Construit de 1980 à 1983, sur un terrain de 17 hectares à l’extrémité de la zone industrielle d’Yzeure, près de Moulins, le centre pénitentiaire est composé d’une centrale, et d’une maison d’arrêt ouverte en 1984. Mis en service en 1983, le centre pénitentiaire de Moulins-Yzeure comprend deux établissements complets (détention et services communs) géographiquement distincts : la maison d’arrêt et la maison centrale.
- Moulins-Yzeure - Établissement pénitentiaire
Un centre pénitentiaire est un établissement qui comprend au moins deux quartiers à régimes de détention différents (maison d’arrêt, centre de détention et/ou maison centrale). Standard 04.70.35.15.00.

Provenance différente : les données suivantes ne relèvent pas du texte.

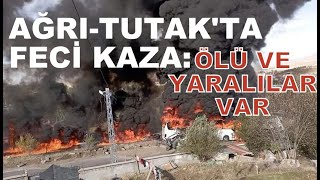Ağrida Feci̇ Kaza Tutakta Yolcu Otobüsü Tankerle Çarpişti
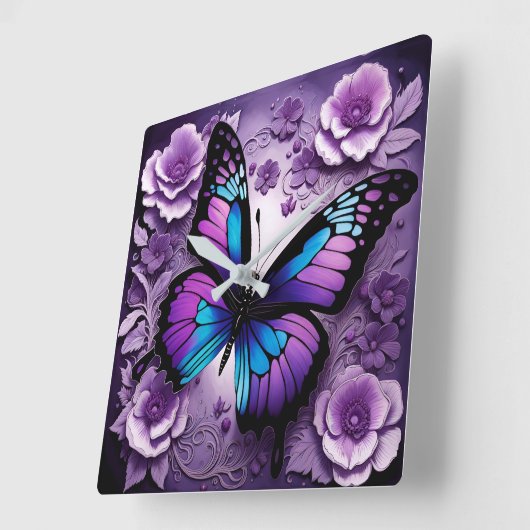 Paarse vlinderbloemigen vierkante klok (Hoek)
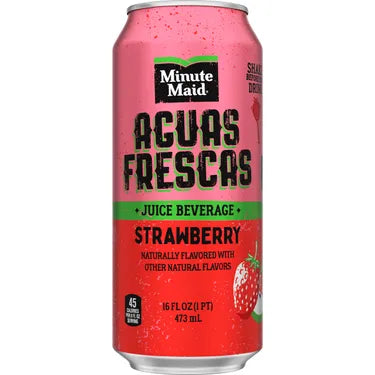 Minute Maid Aguas Frescas Strawberry, 16 oz can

Quelques sigles carcéraux :
AP : Administration pénitentiaire
DPS : Détenu particulièrement surveillé
ERIS : Equipe régionales d’intervention et de sécurité
JAP : Juge d’application des peines
QHS : Quartier de haute sécurité
QI : Quartier d’isolement
QSR : Quartier à sécurité renforcée.
QD : Quartier Disciplinaire.
Aux vieilles fouines qui ont toujours su contourner la loi et les règlements pénitentiaires.
Aux camarades, aux amis, aux familles qui ont permis chaque mois à ces chroniques de parvenir au journal malgré la censure administrative.

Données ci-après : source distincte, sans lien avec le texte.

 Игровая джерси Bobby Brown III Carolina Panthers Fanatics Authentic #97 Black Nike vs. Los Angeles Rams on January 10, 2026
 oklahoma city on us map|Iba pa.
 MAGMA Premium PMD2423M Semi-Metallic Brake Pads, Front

1 / Inondation sécuritaire ; Moulins, janvier 2004,
Aux alentours de huit heures du soir, je débarque à la centrale de Moulins. Gyrophares... béton... fils barbelés... grilles... sas blindés... Matons gantés comme des chirurgiens : « Fouille à corps ! ». Le greffier enregistre mon numéro d’écrou.
« Paquetage »...
« Pas de paquetage ! ».
Le bricard (brigadier Ndlr) prend un air entendu. « Il vient d’Arles. 1 ». Le plus curieux des fonctionnaires ose un « C’était comment ? ». Epuisé par sept heures de transfert, j’esquisse un sourire fataliste. Puis on suit de longs couloirs cimentés de gris. On franchit de nouvelles grilles. On s’engage sur une interminable passerelle glacée... Les projecteurs claquent sur les hublots de paquebot... Je plonge, je plonge... Et je comprends pourquoi les prisonniers ont baptisé cet établissement le « sous marin ». Le Talkie-walkie collé aux lèvres, l’escorte psalmodie « La 2, merci »... « La 4 et la 5 ! »... Et, tout au bout, on parvient enfin devant deux énormes portes d’acier. De simples étiquettes annoncent la couleur. A gauche, le mitard, à droite, le quartier d’isolement. Déjà la boite se referme sur moi, les verrous claquent dans mon dos. « Voilà. Je touche le fond ».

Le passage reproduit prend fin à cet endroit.